- **What you should do**:
Below this line is the material. Write out only its lines from the one containing "götürmez - 5" through the one containing "Página inicial do", both kept, exactly.
---
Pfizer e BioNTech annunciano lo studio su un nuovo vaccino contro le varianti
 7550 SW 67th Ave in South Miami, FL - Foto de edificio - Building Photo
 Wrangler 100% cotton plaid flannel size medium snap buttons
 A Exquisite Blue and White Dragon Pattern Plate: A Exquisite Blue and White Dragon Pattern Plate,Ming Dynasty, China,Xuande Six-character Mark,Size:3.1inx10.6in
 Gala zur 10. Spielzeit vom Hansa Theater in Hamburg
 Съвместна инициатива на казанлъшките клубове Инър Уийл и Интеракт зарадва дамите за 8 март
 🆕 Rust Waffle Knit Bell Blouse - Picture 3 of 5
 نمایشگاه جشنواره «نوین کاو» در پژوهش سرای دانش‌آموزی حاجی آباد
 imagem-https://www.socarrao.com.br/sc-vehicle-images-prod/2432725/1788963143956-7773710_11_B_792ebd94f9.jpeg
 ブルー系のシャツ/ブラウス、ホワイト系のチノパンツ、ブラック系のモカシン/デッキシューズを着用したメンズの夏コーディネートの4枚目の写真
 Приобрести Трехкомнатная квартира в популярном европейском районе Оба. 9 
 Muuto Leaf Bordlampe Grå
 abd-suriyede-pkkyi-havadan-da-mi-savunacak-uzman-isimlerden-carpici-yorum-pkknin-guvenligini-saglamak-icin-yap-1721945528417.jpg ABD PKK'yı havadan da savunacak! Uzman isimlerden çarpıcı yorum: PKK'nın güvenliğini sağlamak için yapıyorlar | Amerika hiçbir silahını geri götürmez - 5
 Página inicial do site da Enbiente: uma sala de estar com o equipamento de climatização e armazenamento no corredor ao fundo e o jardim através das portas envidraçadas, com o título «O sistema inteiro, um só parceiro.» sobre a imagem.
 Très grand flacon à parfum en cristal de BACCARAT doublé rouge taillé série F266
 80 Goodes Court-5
---
- **Answer area**:
 abd-suriyede-pkkyi-havadan-da-mi-savunacak-uzman-isimlerden-carpici-yorum-pkknin-guvenligini-saglamak-icin-yap-1721945528417.jpg ABD PKK'yı havadan da savunacak! Uzman isimlerden çarpıcı yorum: PKK'nın güvenliğini sağlamak için yapıyorlar | Amerika hiçbir silahını geri götürmez - 5
 Página inicial do site da Enbiente: uma sala de estar com o equipamento de climatização e armazenamento no corredor ao fundo e o jardim através das portas envidraçadas, com o título «O sistema inteiro, um só parceiro.» sobre a imagem.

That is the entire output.